The proposed extension is non-trivial and seem to be useful, as demonstrated by the experimental results. However, the initialization algorithm, which is a crucial learning stage, should be described more clearly. Specifically, the relation of the estimation equations (3-5) to Heffny et al. is not straightforward and requires a few intermediate explanations. On the other hand, Section 3 can be shortened. The introduction of the normalization in Equation (1) is a bit confusing as it takes a slightly different form later on.
Two strong aspects of the paper are that initialization algorithm exploits a powerful estimation procedure and the Hilbert embedding provides a rich representation. More generally, exploiting existing approaches to learn dynamical systems is an interesting avenue of research. For example, [Haarjona etal. 2016] proposed construction of RNNs by combining neural networks with Kalman Filter computation graphs.

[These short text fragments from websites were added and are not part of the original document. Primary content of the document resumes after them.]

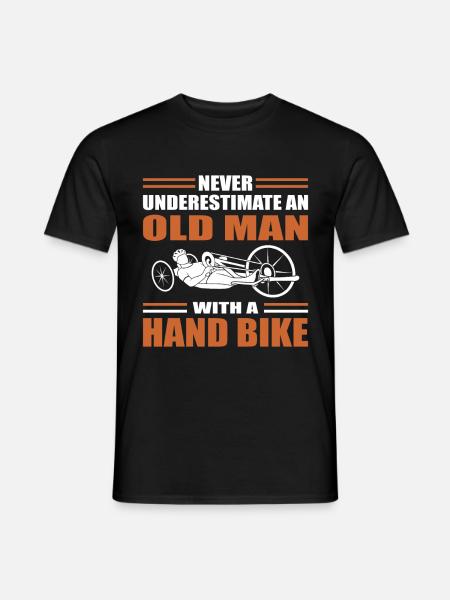 Handbike Old Man - Heren T-shirt - zwart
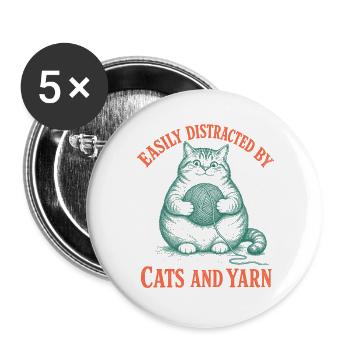  Leicht Ablenkbar Durch Katzen Und Garn Vintage - Buttons groß 56 mm (5er Pack) - Weiß - Vorne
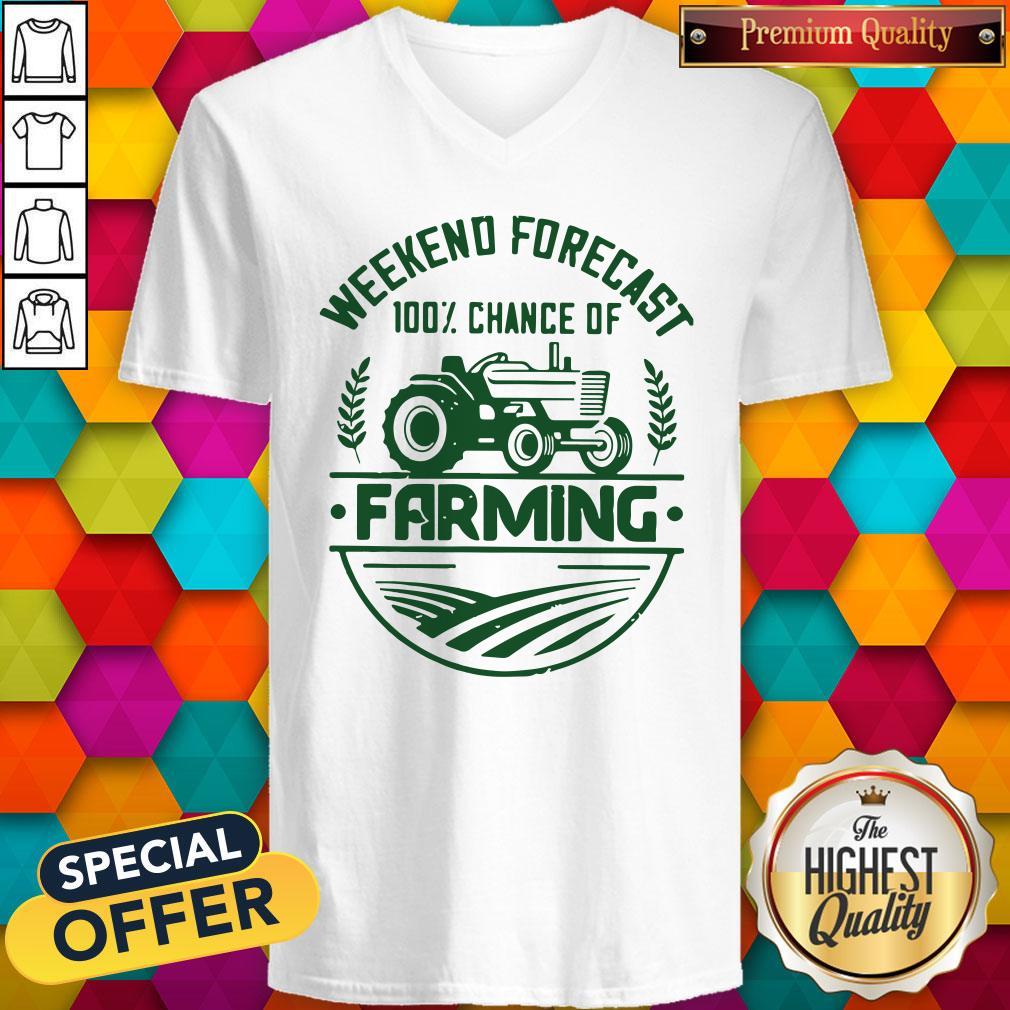 Weekend Forecast 100% Chance Of Farming Shirt - Image 3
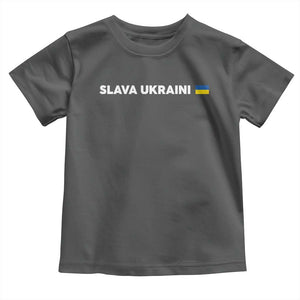 Slava Ukraini Ukraine Flag Toddler T Shirt Ukrainian Pride TS10 Dark Heather Print Your Wear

In the experimental section, can the authors specify what kernels have been used?
It would be interesting to elaborate on the added value of additional layers. The experiments show the added value of two-layer models with respect to a one-layer in terms of test performance measure. Is this added value achieved immediately after initialization, or only after applying BPTT? Does the second layer improve by making the features richer? Does the second stage regression learn the residuals of the first one.
Minor comments and typos:
- Figures are too small
- Line 206: delete one ‘the’
Ref:
Haarjona etal. 2016, Backprop KF: Learning Discriminative Deterministic State Estimators
Reviewer 3
The authors study the well known Predictive State Representation problem and introduce a new neural network based architecture for tackling this problem. They discuss pros and cons of Bayesian approaches while mentioning the power and drawbacks of RNN based setting. Later, they propose a new procedure which tries to exploit the power of both settings.
The paper is fairly readable and managed in a good way while covering many pieces.
The used techniques are theoretically well studied in the literature and the authors provide a good intuition for their proposal.
There are 3 minor things I like to see in the paper. It would be interesting to have the computation complexity of the initialization. It would be good to cite this paper "Tensor Regression Networks" https://arxiv.org/pdf/1707.08308.pdf which uses the tensor contraction as a core of deep learning process.
You use "can be " two times in the abstract.